STUDY MATERIAL -
= Beginning of Section =
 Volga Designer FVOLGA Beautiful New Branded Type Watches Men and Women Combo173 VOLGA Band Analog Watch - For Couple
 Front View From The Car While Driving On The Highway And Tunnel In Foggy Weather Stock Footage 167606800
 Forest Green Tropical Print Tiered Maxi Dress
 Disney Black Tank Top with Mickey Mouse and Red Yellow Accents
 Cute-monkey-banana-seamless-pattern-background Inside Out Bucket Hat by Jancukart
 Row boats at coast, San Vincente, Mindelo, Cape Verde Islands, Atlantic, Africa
= End of Section =
= Beginning of Section =
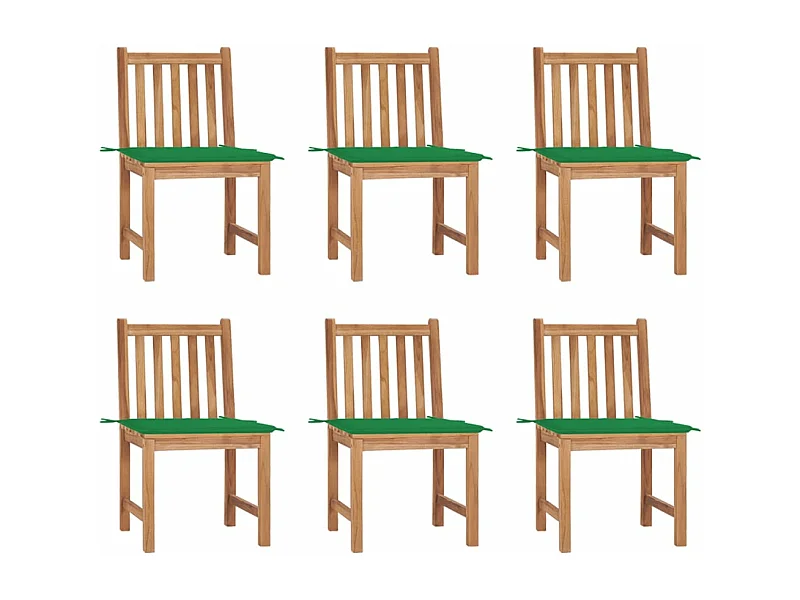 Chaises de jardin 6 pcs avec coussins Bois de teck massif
= End of Section =
WHAT IS NEEDED - Word for word, restate the lines above from the line containing "Forest Green Tropical" through the line containing "Row boats at", with both included and nothing else.

PROBLEM SOLUTION -
 Forest Green Tropical Print Tiered Maxi Dress
 Disney Black Tank Top with Mickey Mouse and Red Yellow Accents
 Cute-monkey-banana-seamless-pattern-background Inside Out Bucket Hat by Jancukart
 Row boats at coast, San Vincente, Mindelo, Cape Verde Islands, Atlantic, Africa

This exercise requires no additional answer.